> About this task
Using the records that follow, reproduce exactly the lines starting at the line containing "Ercopac and TecnoFerrari" and ending at the line containing "eBook: How to". Include both end lines and no pictures.

> Exercise data

------------------------------

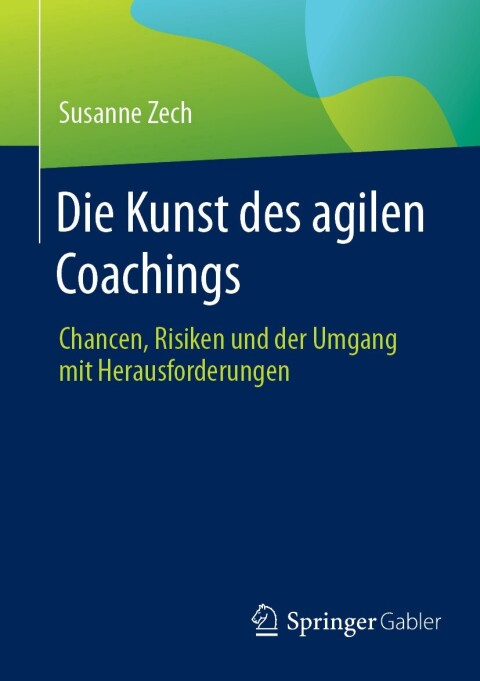 Die Kunst des agilen Coachings 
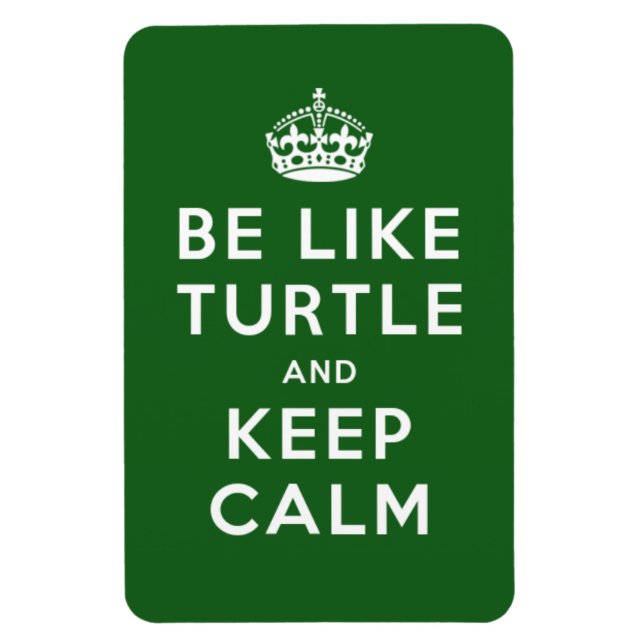Be like TURTLE and KEEP CALM green quote Magnet (Vertical)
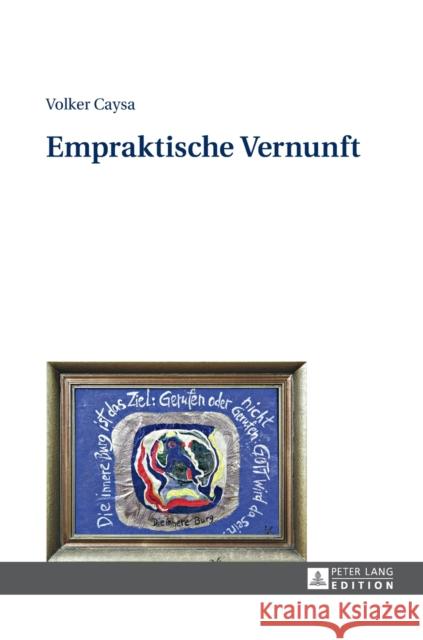 Empraktische Vernunft Volker Caysa 9783631667071 Peter Lang Gmbh, Internationaler Verlag Der W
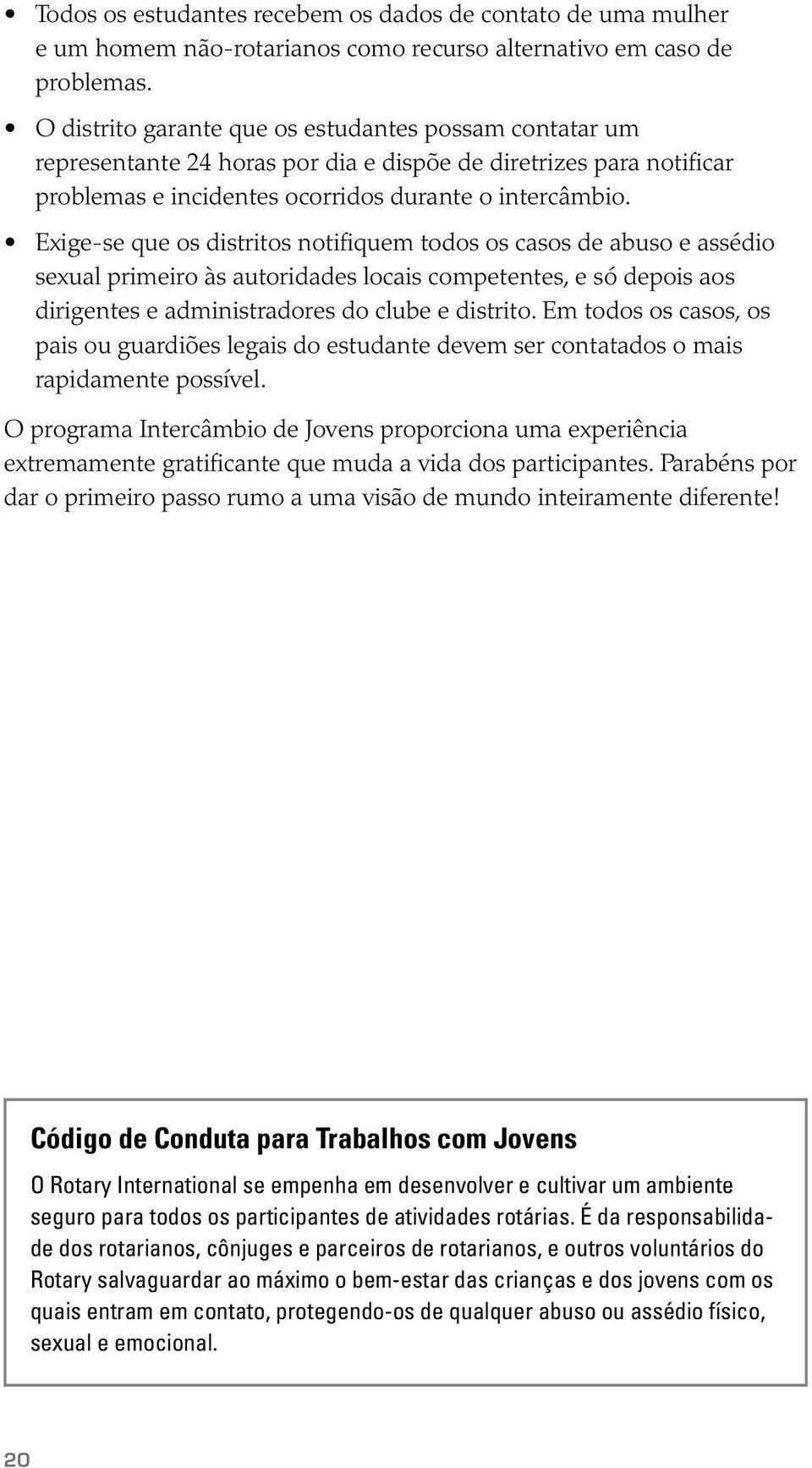 Exige-se que os distritos notifiquem todos os casos de abuso e assédio sexual primeiro às autoridades locais competentes, e só depois aos dirigentes e administradores do clube e distrito.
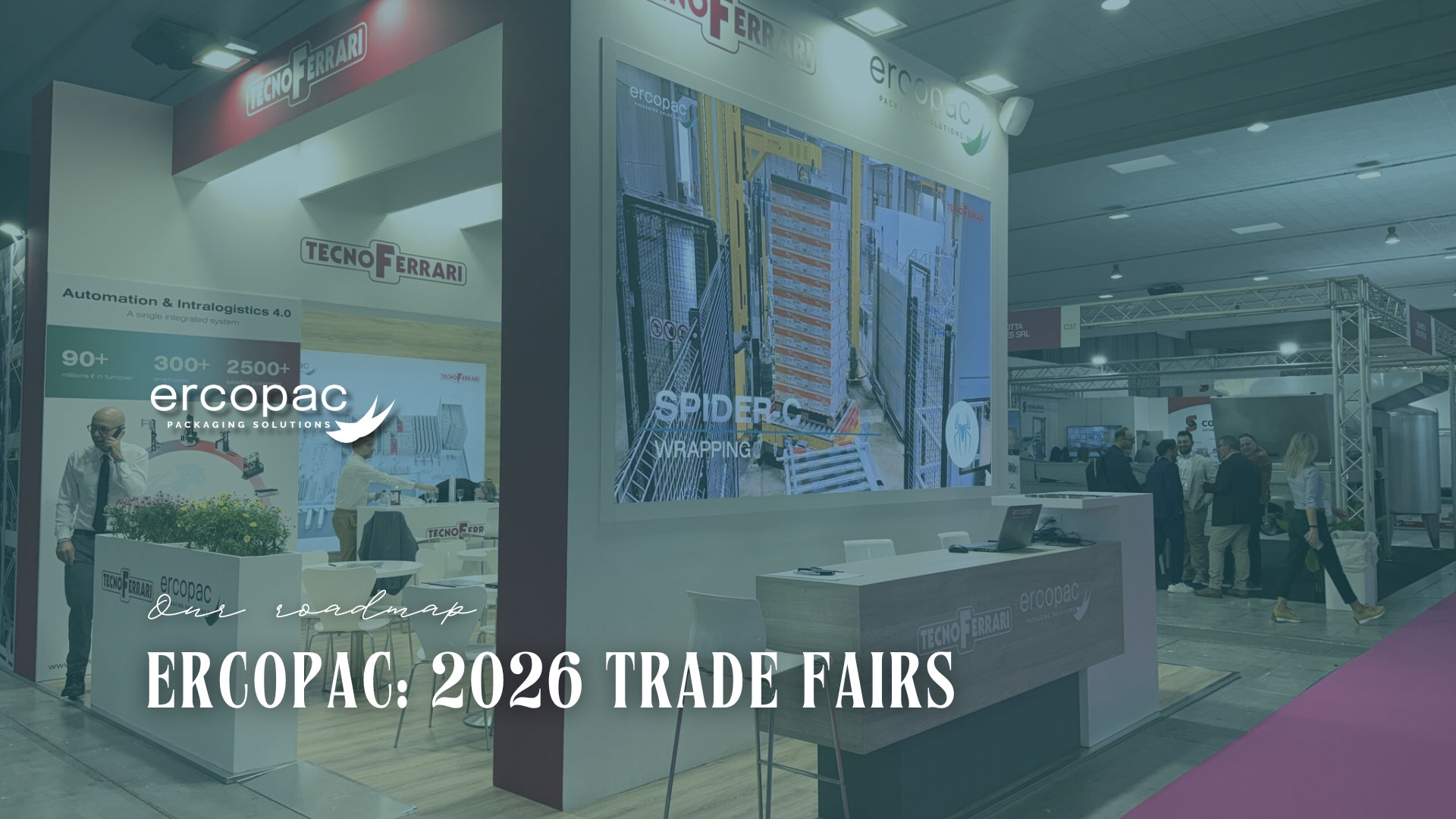 Ercopac and TecnoFerrari exhibition stand with visual dedicated to the 2026 trade fairs roadmap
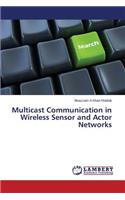 Multicast Communication in Wireless Sensor and Actor Networks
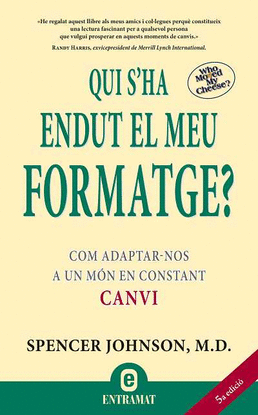 QUI S'HA ENDUT EL MEU FORMATGE.COM ADAPTAR-NOS A UN MON EN CONSTA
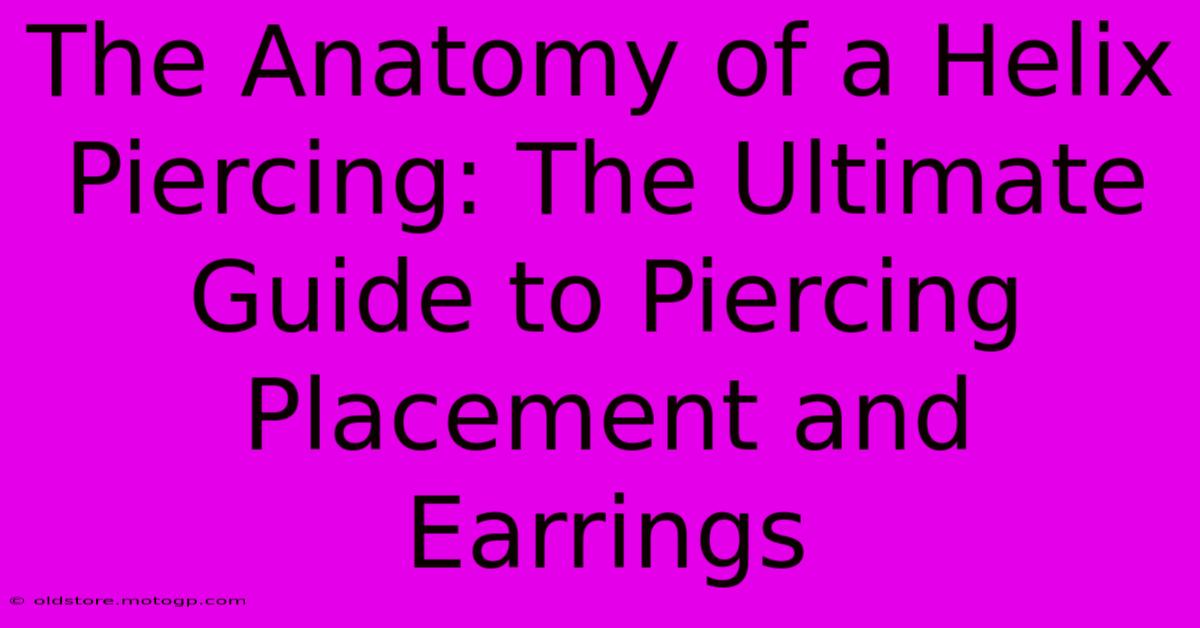 The Anatomy Of A Helix Piercing: The Ultimate Guide To Piercing Placement And Earrings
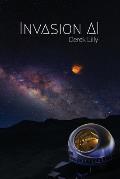 Invasion AI: Sci-Fi novel
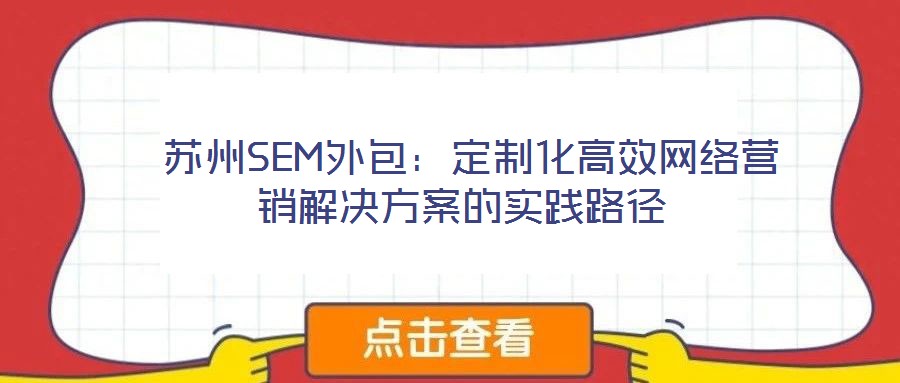  蘇州SEM外包：定制化高效網絡營銷解決方案的實踐路徑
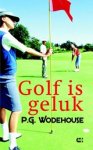 P.G. Wodehouse - Golf is geluk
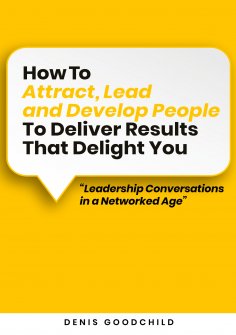 eBook: How to Attract, Lead and Develop People to Deliver Results that Delight You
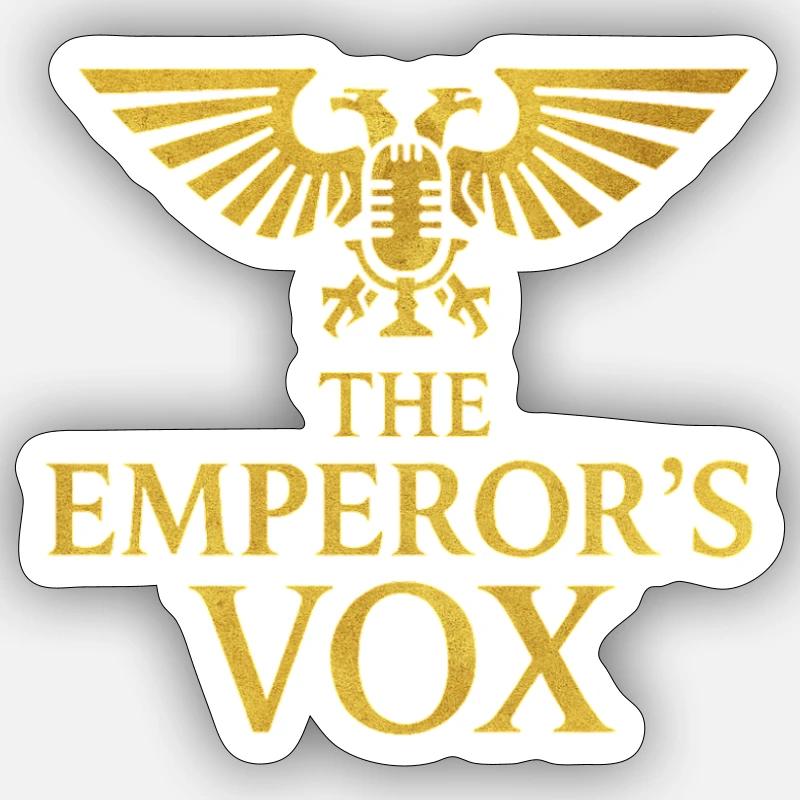 The Emperor's Vox - Sticker size S (10 x 10 cm) - white matte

------------------------------

> Final answer
 Ercopac and TecnoFerrari exhibition stand with visual dedicated to the 2026 trade fairs roadmap
 Multicast Communication in Wireless Sensor and Actor Networks
 QUI S'HA ENDUT EL MEU FORMATGE.COM ADAPTAR-NOS A UN MON EN CONSTA
 The Anatomy Of A Helix Piercing: The Ultimate Guide To Piercing Placement And Earrings
 Invasion AI: Sci-Fi novel
  蘇州SEM外包：定制化高效網絡營銷解決方案的實踐路徑
 P.G. Wodehouse - Golf is geluk
 eBook: How to Attract, Lead and Develop People to Deliver Results that Delight You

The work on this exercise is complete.